Cochrane, a British journal that reviews research evidence to help decision-makers adopt better health policies, analyzed 54 studies, mainly from Asia, that sought to measure the reliability of tests that purported to show whether someone had developed antibodies against the new coronavirus.
The studies were often small, did not use the most reliable methods, and the results were often incomplete, Cochrane said in its 310-page report.
Furthermore, most of the examinees had been admitted to the hospital, without giving an idea of how well the tests could detect antibodies in most people with milder symptoms.
There is great interest in these antibody tests, which are based on a finger prick or a venous blood draw, by people eager to know whether they have had COVID-19 or not.
It has been speculated that a positive result could mean that people have some protection, at least temporarily, from reinfection. Such hopes are unrealistic, said Jon Deeks, a professor of biostatistics at the University of Birmingham who leads Cochrane’s evidence assessment efforts.
“A lot of people in the UK are very interested and eager to know, but there is no decision they should make at this time based on the results of that test,” Deeks told reporters.

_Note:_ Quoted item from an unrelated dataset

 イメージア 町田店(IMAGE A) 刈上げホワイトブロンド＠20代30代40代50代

In total, the Cochrane researchers identified data from 25 commercial COVID-19 tests, a fraction of about 300 of those tests that exist. Its review did not include tests offered by Roche or Abbott Laboratories, which were approved by regulators after the April 27 deadline.
Updates to the Cochrane report plan to include test data from both companies, which now sell for millions in the United States and Europe.

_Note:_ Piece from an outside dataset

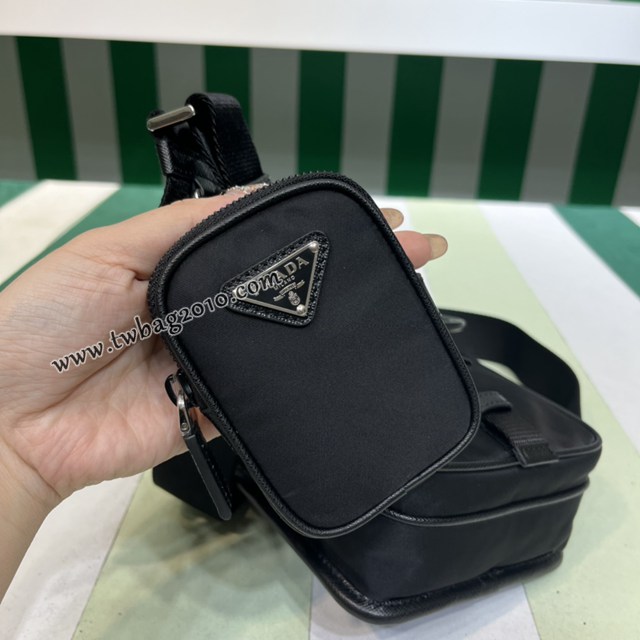 Prada專櫃新款迷你郵差包 2VD043 普拉達男女共用黑色休閒斜挎包 csp1719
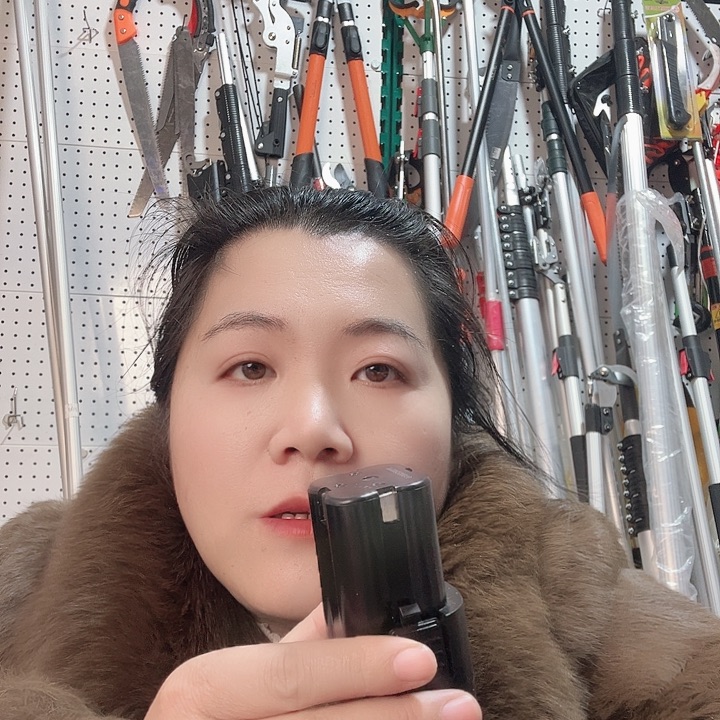 舒畅8603电池2块。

While the Cochrane-reviewed studies showed that antibody tests were better at detecting COVID-19 antibodies in people two or more weeks after symptoms started, they did not provide clues as to how well they work in patients further from the infection.

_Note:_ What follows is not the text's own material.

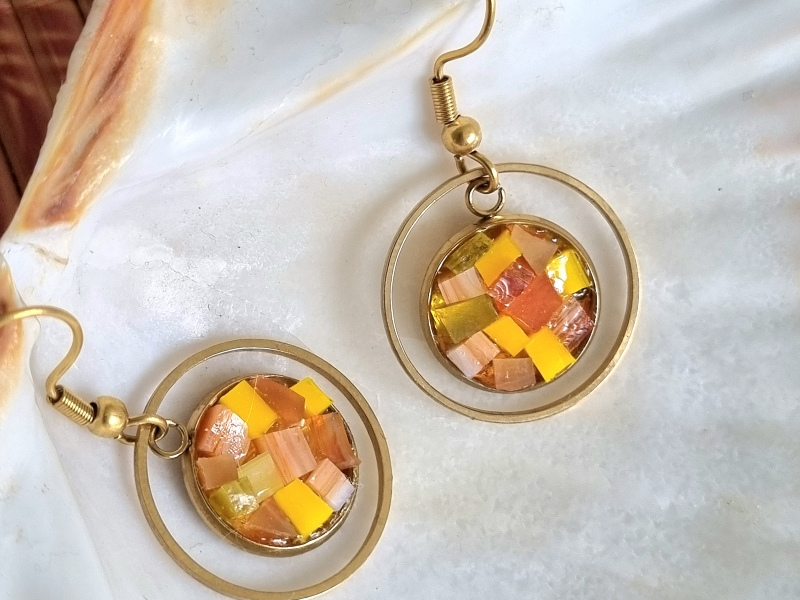 Boucles d’oreille « Astre sacré » en verre vitrail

Such gaps undermine the value of testing as tools in so-called “seroprevalence studies,” to determine what percentage of people in a population may have been exposed to the virus.
“We don’t know how well these tests work after five weeks, so that’s our biggest concern,” said Deeks. “In seroprevalence studies, you’re looking beyond that and we really need some data that says, ‘How well do they work at three months, four months, five months?
The veracity of scientific studies has come under scrutiny during the pandemic, even more so after the British medical journal The Lancet issued an apology after publishing a study on the health risks of the anti-malaria drug hydroxychloroquine in patients with COVID- 19 which was withdrawn by three of its authors.
Cochrane said that of the 54 studies it analyzed that covered nearly 16,000 samples, 89% were at high risk of bias based on how participants were selected, as they were unlikely to match patient populations in clinical practice.
Cochrane said there were more problems, which often did not mention whether the samples were anonymized or blinded, which could lead technicians to repeat the tests if they thought they had obtained an incorrect result.
Some studies retained the results, while others included five or more samples per patient, resulting in inflated sample sizes and results that were falsely accurate, Deeks said.
“For many of the studies, we were never able to find out how many patients were included in them,” he said. “All we know is how many samples were analyzed.”